Community and research direction

Furthermore, we explore the complex interplay between the research orientations of mathematicians and the communities identified within their collaboration network, categorizing them into 16 distinct mathematics sub-fields (see Figure 1(b)). To evaluate the congruence between these sub-fields and the communities delineated by two different algorithms, we apply the NMI (Details mentioned in the Appendix). For the purpose of robustness verification, this section designs a random experiment where discipline labels are randomly assigned to all nodes in the network, and the NMI values between community labels and random discipline labels are calculated for different algorithms. Through 1,000 repeated experiments, the study obtains the range of NMI values between community labels and discipline labels under random experiments. Comparing the communities identified by both algorithms against a random reassignment of sub-field labels for each mathematician, Table 3 reveals a significant positive correlation between the communities and the sub-fields. This implies that the identified communities inherently reflect aspects of these sub-fields, suggesting a natural tendency for mathematicians working in similar areas to collaborate more frequently.

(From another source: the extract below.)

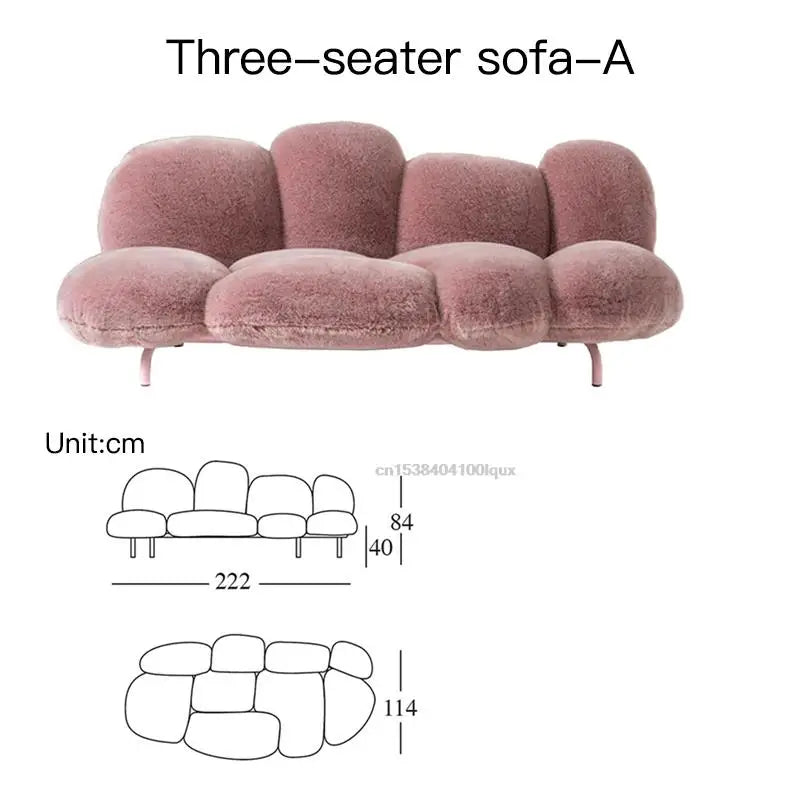 Pink Sofa Set Living Room Sectional Home Office Furniture Modern Luxury Elegant Single 3 Seater Sofa Individual Armchair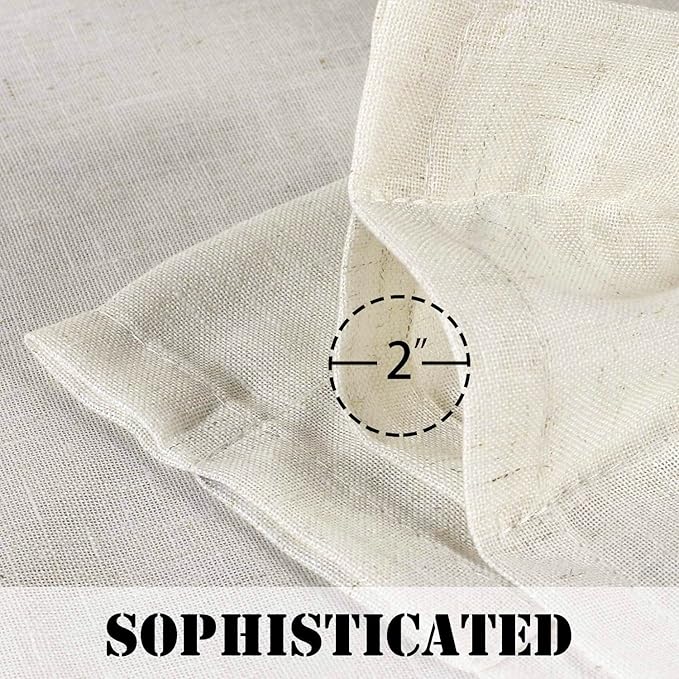Linen Curtains Elegant Natural Linen Blended Curtains Energy Efficient Light - Image 5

NMI analysis between true field labels and detected community labels.

Method GMM Infomap
Real NMI 0.2222 0.2404
Random NMI (0.03361, 0.03365) (0.08247, 0.08250)

These insights lead us to question whether the community information, encapsulating aspects of mathematical sub-fields, could be effectively represented using different methodologies. In particular, we explore the relationship between the number of award recipients in a community, the community’s disciplinary makeup, and its size. To analyze the structured nature of field labels within these communities, we introduce the Simpson index (Simpson, 1949; Somerfield et al., 2008). Our linear regression analysis, examining the relationship between the number of awardees, community sizes, and the Simpson index (indicative of disciplinary composition), yields compelling findings. The results displayed in Table 4 indicate that larger communities tend to have more award recipients, consistent with earlier observations in this study. Conversely, there is an inverse correlation between the Simpson index and the number of awardees. This suggests that communities with higher diversity in their field labels or greater disorderliness are less likely to include award recipients. This finding implies that mathematicians who specialize in specific subdomains and collaborate intensively within those domains are more likely to achieve notable success in their field.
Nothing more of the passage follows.